**What to produce**
Below are some records. Set down exactly the line holding "Library + Analyzer = Code Aware Libraries" and every later line through the end, omitting the pictures.

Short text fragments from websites
- Opening Delimiter -

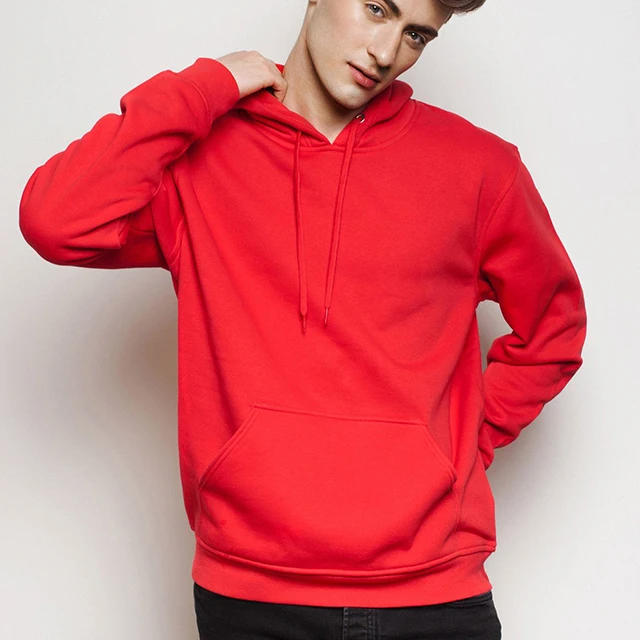 
Pull over sports style long sleeve plain hoodies for men 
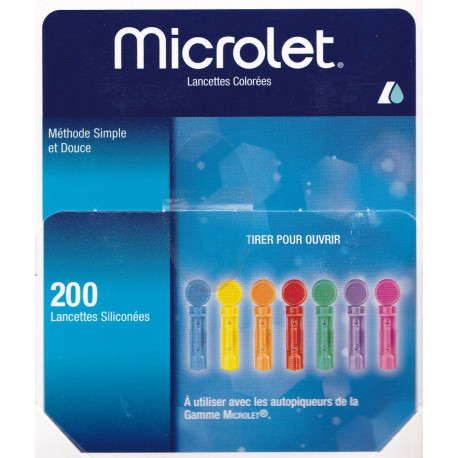 Microlet 200 Lancettes colorées siliconées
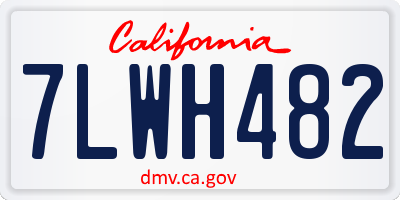 CA license plate 7LWH482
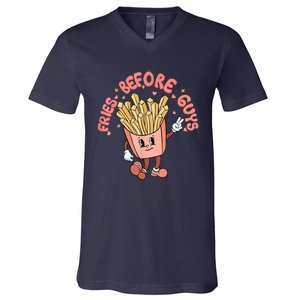 Cutes Fries Before Guys Valentines Foodie Lover Valentine V-Neck T-Shirt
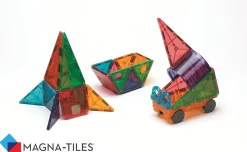 MAGNA-TILES DX Clear Colors Magnetic Construction Deluxe Set - 48 Piece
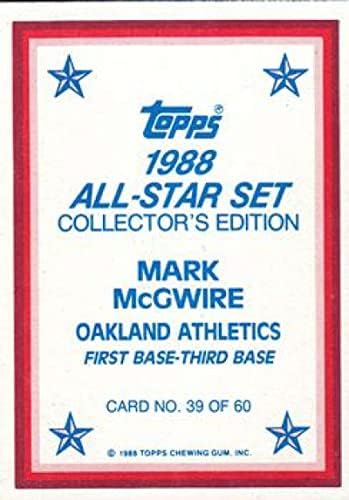 1988 Топс Сјајно испраќање на испраќања 39 Марк Мекгвир НМ-МТ Оукланд Атлетика Бејзбол
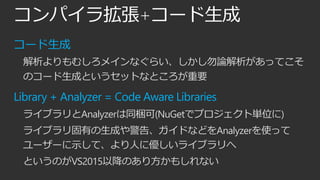 コンパイラ拡張+コード生成
コード生成
解析よりもむしろメインなぐらい、しかし勿論解析があってこそ
のコード生成というセットなところが重要
Library + Analyzer = Code Aware Libraries
ライブラリとAnalyzerは同梱可(NuGetでプロジェクト単位に)
ライブラリ固有の生成や警告、ガイドなどをAnalyzerを使って
ユーザーに示して、より人に優しいライブラリへ
というのがVS2015以降のあり方かもしれない
 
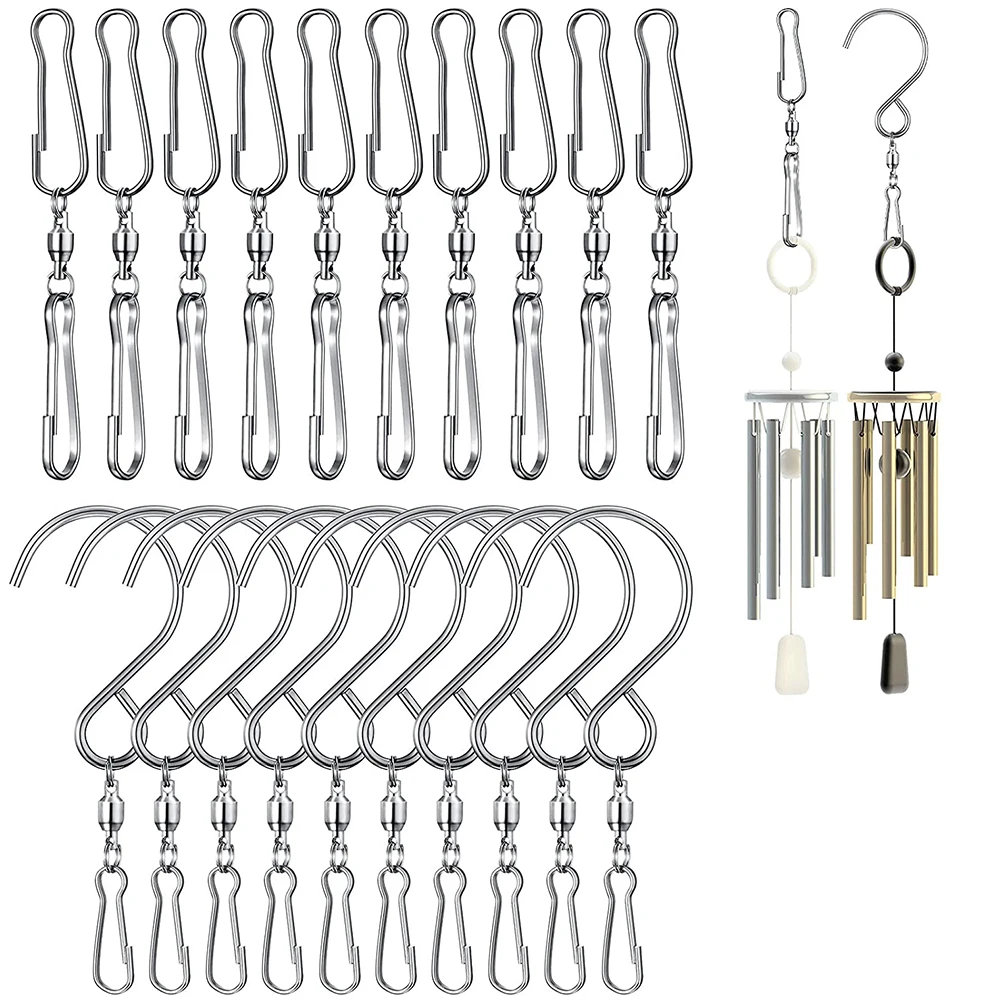 

20PCS Swivel S Hooks Clips Dual Wind Spinner Hanging Hooks Hanger for Bird Feeders Windsocks Crystal Chime, Stainless Steel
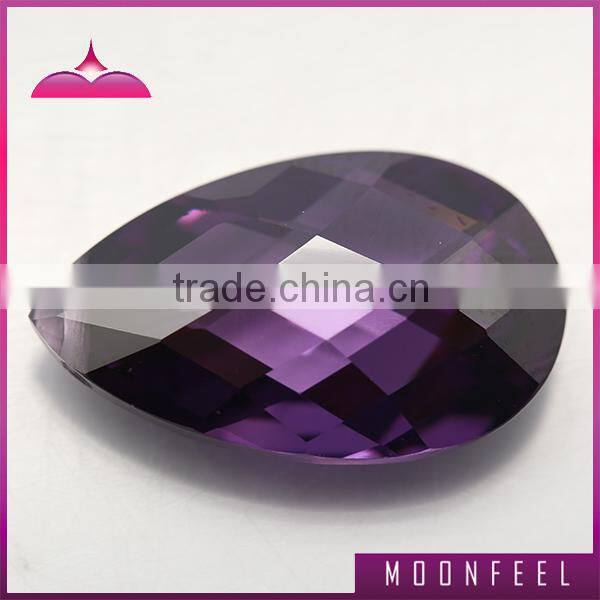 pear checkerboard cut colored cz gemstone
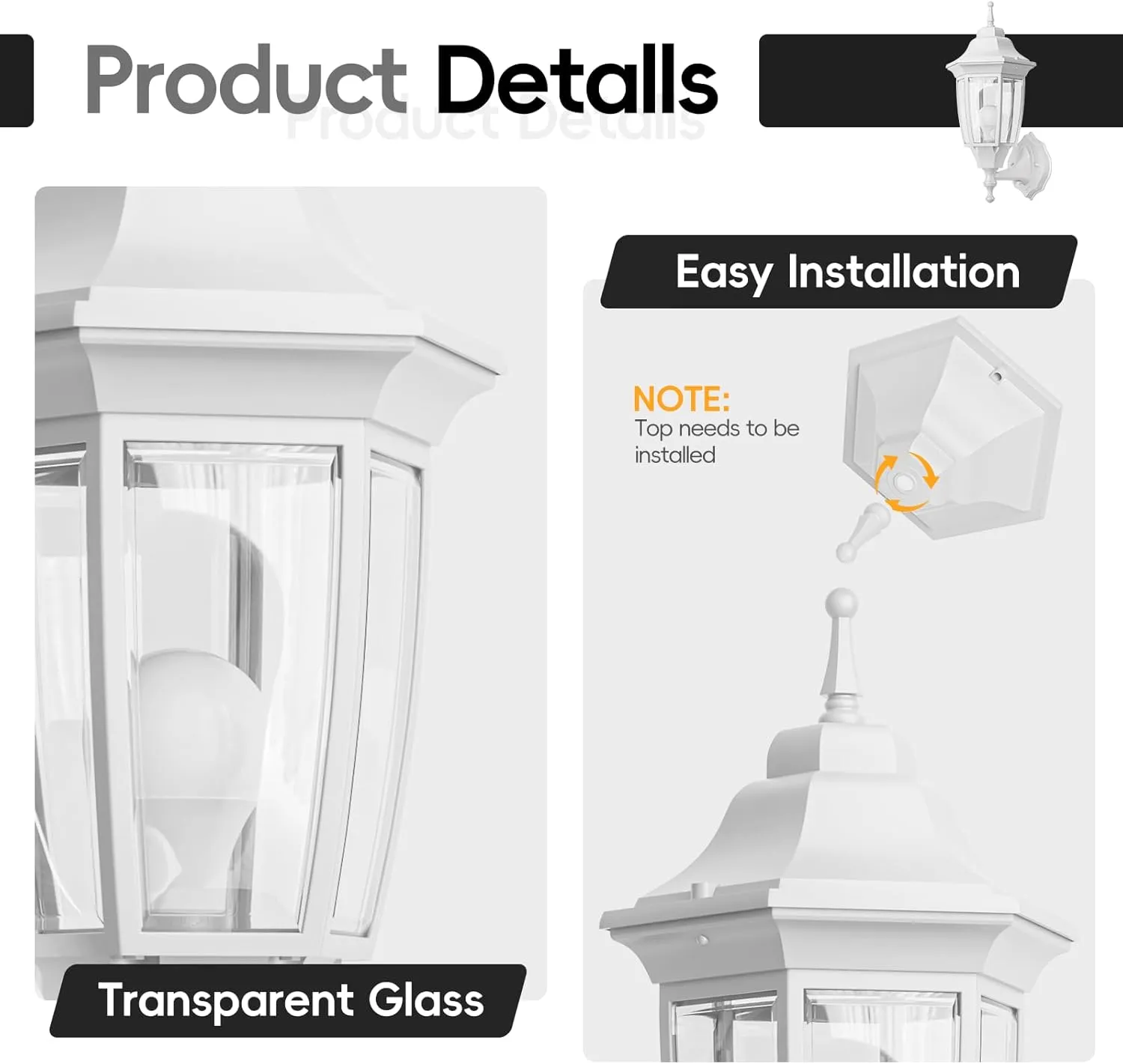 EMART Dusk to Dawn Outdoor Porch Light, Exterior Anti-Corrosion, Waterproof Aluminum & Glass Shades Wall Lamp Fixture, Modern Sconce Lantern for Yard, House, Garage - 2 Pack, White （Bulb Included）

- Closing Delimiter -

**Worked solution**
Library + Analyzer = Code Aware Libraries
ライブラリとAnalyzerは同梱可(NuGetでプロジェクト単位に)
ライブラリ固有の生成や警告、ガイドなどをAnalyzerを使って
ユーザーに示して、より人に優しいライブラリへ
というのがVS2015以降のあり方かもしれない
 

20PCS Swivel S Hooks Clips Dual Wind Spinner Hanging Hooks Hanger for Bird Feeders Windsocks Crystal Chime, Stainless Steel
 pear checkerboard cut colored cz gemstone
 EMART Dusk to Dawn Outdoor Porch Light, Exterior Anti-Corrosion, Waterproof Aluminum & Glass Shades Wall Lamp Fixture, Modern Sconce Lantern for Yard, House, Garage - 2 Pack, White （Bulb Included）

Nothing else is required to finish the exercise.